Chronique

Matthew Shipp

Equilibrium

Matthew Shipp (p), Khan Jamal (vib), William Parker (b), Gerald Cleaver (d), FLAM (kb, programmation)

Label / Distribution : Thirsty Ear

Le raccourci descriptif (publicitaire ?) de la Blue Series est « free jazz meets electronica », ce qui n’est pas du tout, ou alors très peu, le cas de cet album. Ici, l’appréciation de Shipp lui-même est plus juste : une juxtaposition de jazz moderne, ambiant jazz et DJ culture.

Du côté du jazz moderne et acoustique, on trouve Equilibrium, World of blue glass et The key, des morceaux lents, voire rubato, qui expriment souvent une certaine angoisse (par exemple, ces arpèges hésitants ouvrant l’album). World of blue glass, particulièrement, propose une manière intéressante de reformuler la tradition du trio piano.

Le groove intervient de belle manière sur quatre morceaux, où batterie acoustique (le jeu de Cleaver est en tout point excellent) et programmée se mêlent jusqu’à semer le doute sur la frontière entre les deux (une caractéristique également notée dans la chronique d’Anti Pop vs. Matthew Shipp). Si le matériau thématique de ces morceaux est relativement faible (accords mis en boucle), quelques petits effets suffisent à les relancer : le faux fade-out de Vamp to vibe, l’irruption soudaine d’un de ces classic breaks qu’affectionnent les producteurs hip-hop pour re-dynamiser le solo de Jamal sur The root. On pourra trouver la répétition macro-structurelle de Cohesion entêtante ou au contraire stérile.

Le versant ambient jazz se révèle sur deux morceaux, où le statique et le textural dominent. Nu matrix présente la particularité d’un piano traité pour sonner spectral et désaccordé, comme un piano de saloon du 21e siècle.

Notons enfin que Jamal est heureusement beaucoup plus présent que sur Anti Pop vs. Matthew Shipp (Parker aussi, dans une moindre mesure) et dialogue bien avec le leader.
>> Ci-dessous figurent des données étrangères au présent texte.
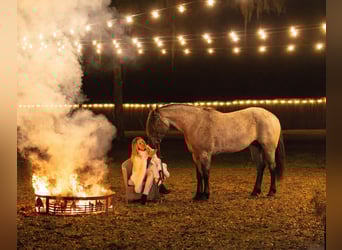 Caballo cuarto de milla Mestizo, Yegua, 4 años, 157 cm, Ruano azulado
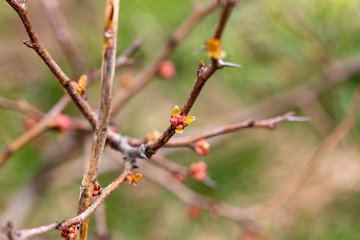 The buds of the quince on the branches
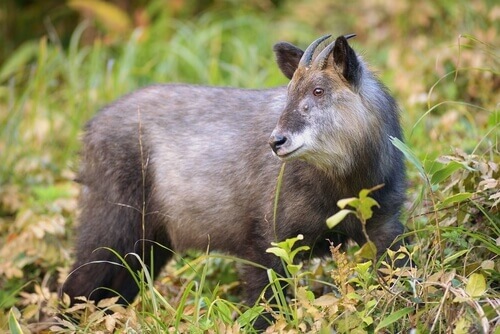 Japanese serow is one of the famous 5 animals of Japan.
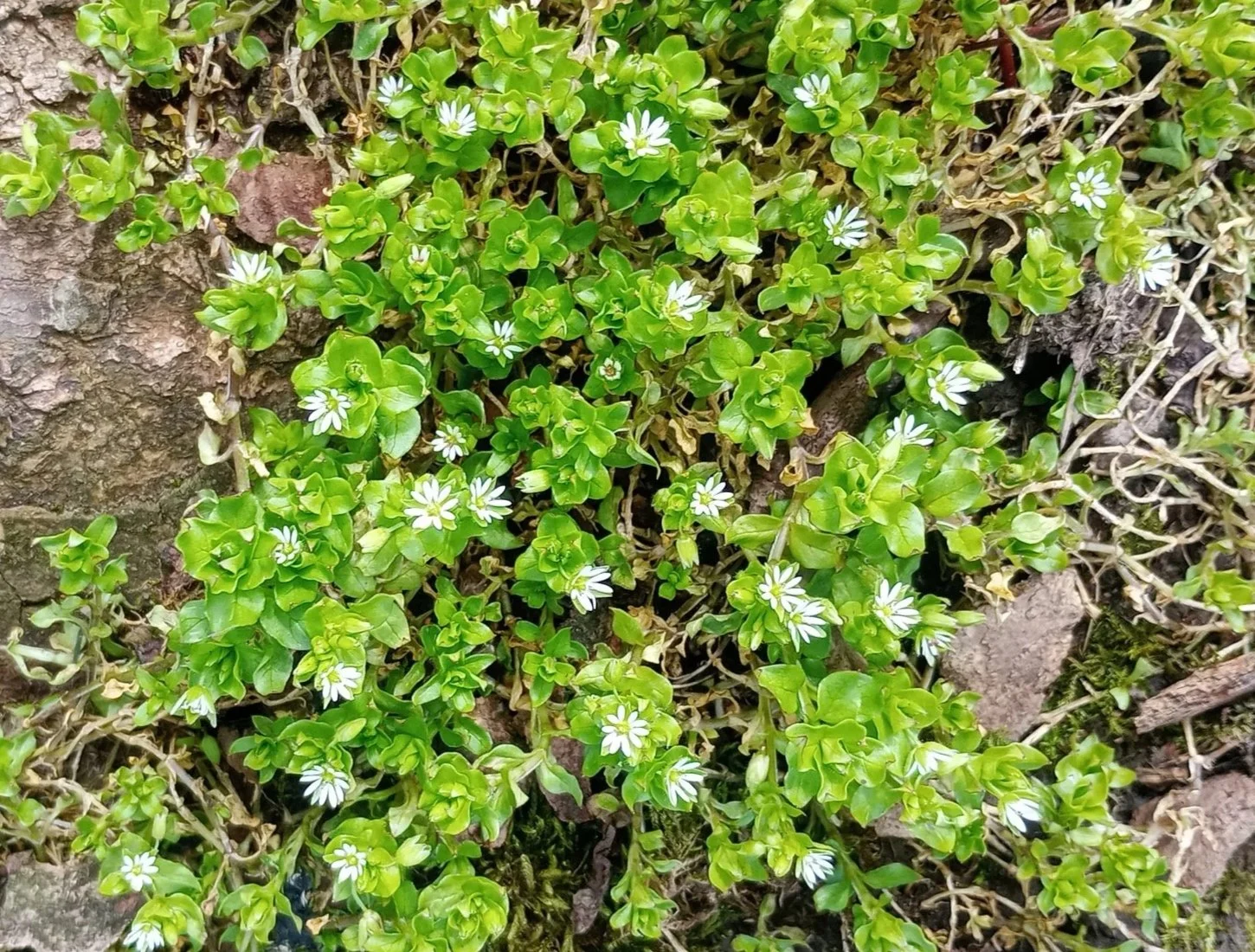   Stellaria mediaNS6553 20Apr26 JR  
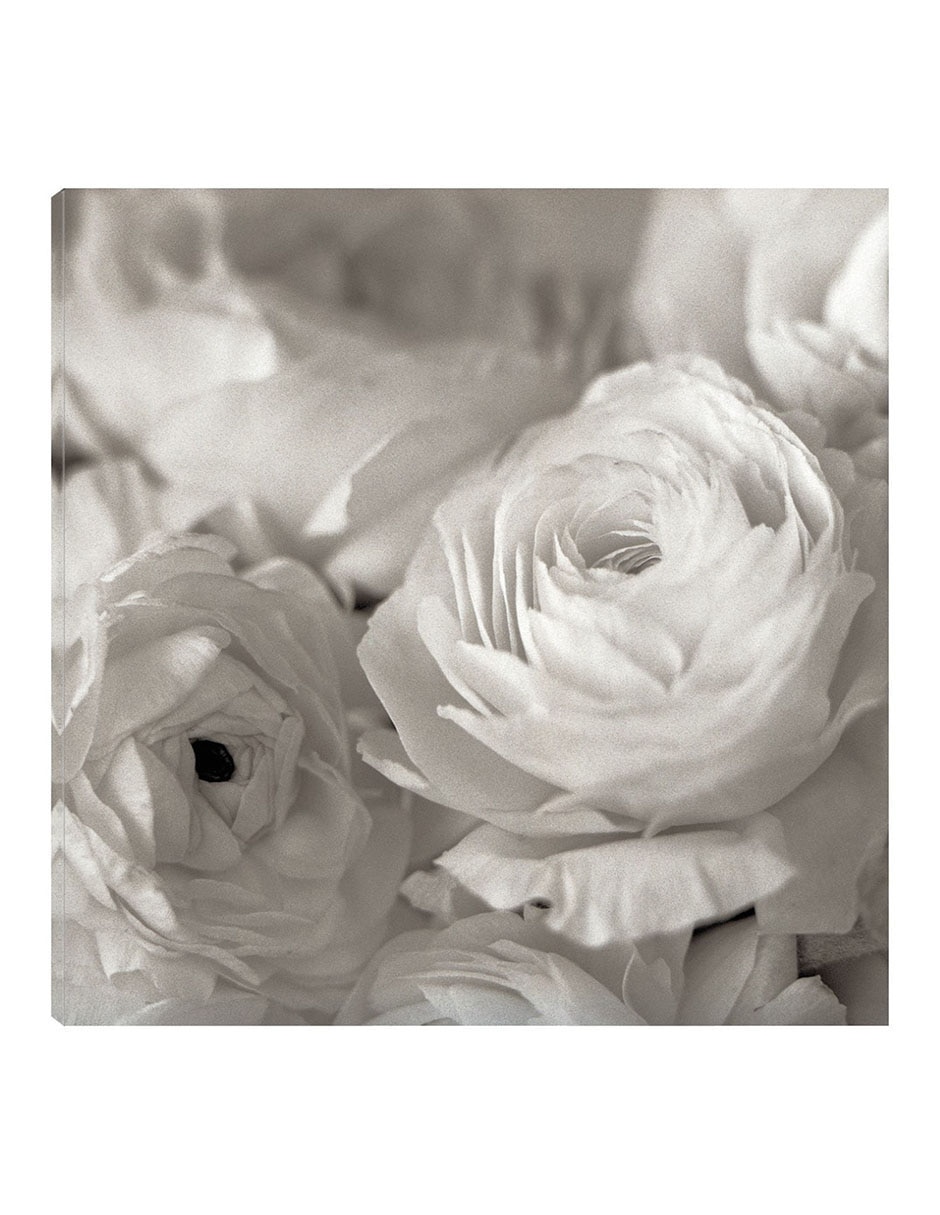 Cuadro decorativo Florison #47 técnica mixta Floración 1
D’à peine plus de 40 minutes, l’album est relativement court (quoique je considère que 40-50 minutes soit une durée idéale), mais je soupçonne qu’Equilibrium, Anti Pop vs. Matthew Shipp et le futur album avec le producteur/rappeur El-P viendront à être considérés comme une trilogie découpée en trois parties égales.